Эта заведомая нелюбовь к театру, как к чему-то искусственному и низшему по существу, проходит доминирующей нотой в большинстве писем Чехова, в особенности в начале его литературной деятельности{18}.

Драматургом же сделался он, можно сказать, нечаянно, попав однажды в театр Корша на представление заигранной одноактной пьески "Победителей не судят" (сюжет пьески вертится на укрощении грубого, но добродушного моряка великосветской красавицей). "Победителей не \60\ судят" - переделка с французского, и довольно-таки топорная, изящной салонной вещицы Пьера Бертона "Les jurons de Cadillac", в которой восхищали в шестидесятых годах в Михайловском театре петербургскую публику г-жа Напталь-Арно и г.Дьёдонне. У Корша отличались г-жа Рыбчинская и г.Соловцов, находившийся, кстати сказать, в приятельских отношениях с Чеховым. Соловцов своей дюжей фигурой, зычным голосом и резкой манерой, подходивший как нельзя более к заглавной роли, настолько понравился Чехову, что у него, как он сам мне рассказывал, явилась мысль написать для него "роль"... нечто вроде русского медведя, взамен французского.

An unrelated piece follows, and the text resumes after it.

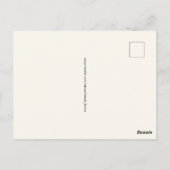 Retro-Postkarte Denver Colorado Postkarte (Rückseite)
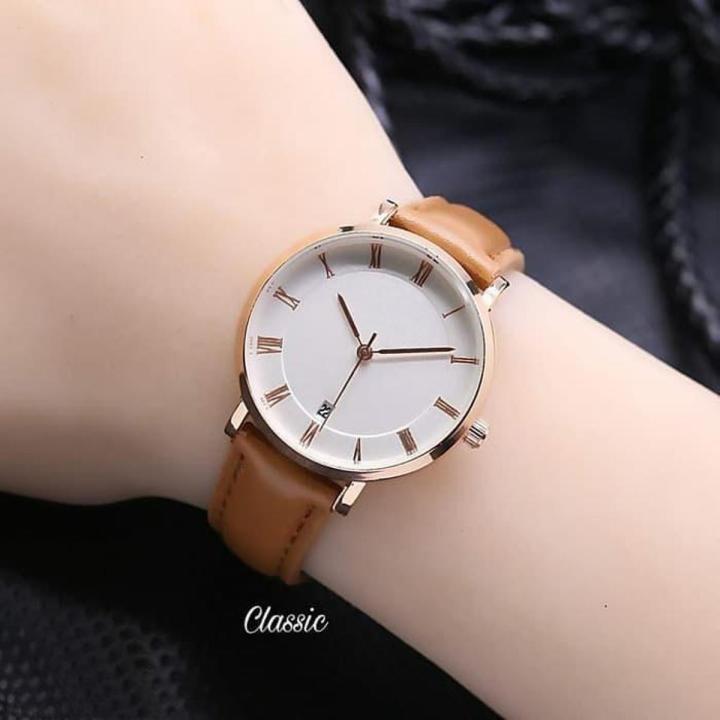 Brown Stainless Steel & Leather Analog Watch for Men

Таким образом, появился на свет водевиль "Медведь" - чеховский театральный первенец, жизненностью и оригинальностью оставивший далеко за флагом своих шаблонных водевильных сверстников.

Сценический успех "Медведя" не помешал, однако, Чехову критически отнестись к самому исполнению. "Соловцов играл феноменально, - пишет он мне, цитируя любимое словечко режиссера театра Корша. - Рыбчинская была прилична и мила. В театре стоял непрерывный хохот; монологи обрывались аплодисментами. В 1-е и 2-е представление вызывали и актеров, и автора{19}. Все газетчики, кроме Васильева{20}, расхвалили... Но, душа моя, играют Соловцов и Рыбчинская не артистически, без оттенков, дуют в одну ноту, трусят и проч. Игра топорная". И заключает с обычным добродушным юмором: "После первого представления случилось несчастье: кофейник убил моего медведя. Рыбчинская пила кофе, кофейник лопнул от пара и обварил ей лицо. Второй раз играла Глама, очень прилично. Теперь Глама уехала в Питер, и, таким образом, мой пушной зверь поневоле издох, не прожив и трех дней".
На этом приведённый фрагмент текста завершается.